Just look at Chancellor of Germany Angela Merkel, President of Costa Rica Laura Chinchilla Miranda, President of India Pratibha Patil, President of Brazil Dilma Vana Rousseff and of course, U.S. Secretary of State Hilary Clinton and her famous spouse. Power and partnership does not seem mutually exclusive overseas.

The Bureau of Health Promotion under the Department of Health named delaying marriage as the main cause in Taiwan’s record low birthrate, the impact of which can be seen in empty pediatric wards, the declining number of nurseries, decreased kindergarten and elementary school enrollment and will very soon change the course of the nation’s future.

To make matters worse, Taiwan’s rapidly aging population has the Cabinet-level Council for Economic Planning and Development predicting a population of zero growth by 2022, a mere 11 years from now. Project onto that, an increasing prevalence of erratic weather brought by climate change, and you have a perilous situation of unprecedented proportions.

Japan’s elderly population, one of the largest in the world, proved to be the hardest hit demographic in the current crisis.

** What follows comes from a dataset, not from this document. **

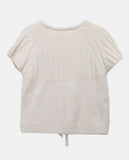 Moon round neck ribbon layered wool short sleeve knit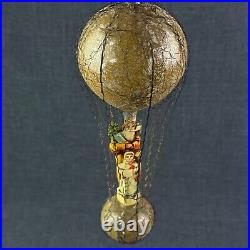 Antique Wire Wrapped Hot Air Balloon 8 Glass Ornament Santa & Child Germany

With continual power shortages, cramped shelters, freezing temperatures and little medicine, the elderly have become the most vulnerable and helpless after the series of disasters ― from the 9.0-magnitude earthquake and its the deadly tsunami to the current nuclear reactor crisis.

Taiwan is already prepping for disaster, setting up earthquake warning systems in the ocean and updating nuclear emergency response methods, not only to save our existing population, but also, as the saying goes, to create a brighter future for “our children.” With all the current focus on reducing our carbon footprint, suspending nuclear power plants and transforming waste incinerators into bio-energy centers, the best the government has done to promote marriage and parenting is hand out NT$20,000 cash subsidies per child each month.

As the birthrate among married couples is much higher than those who never marry, instead of being pro-natalist, the government should be pro-marriage and consider finding suitable public spokespeople to promote the benefits of the age old institution and its essential role in society, especially in times of crisis.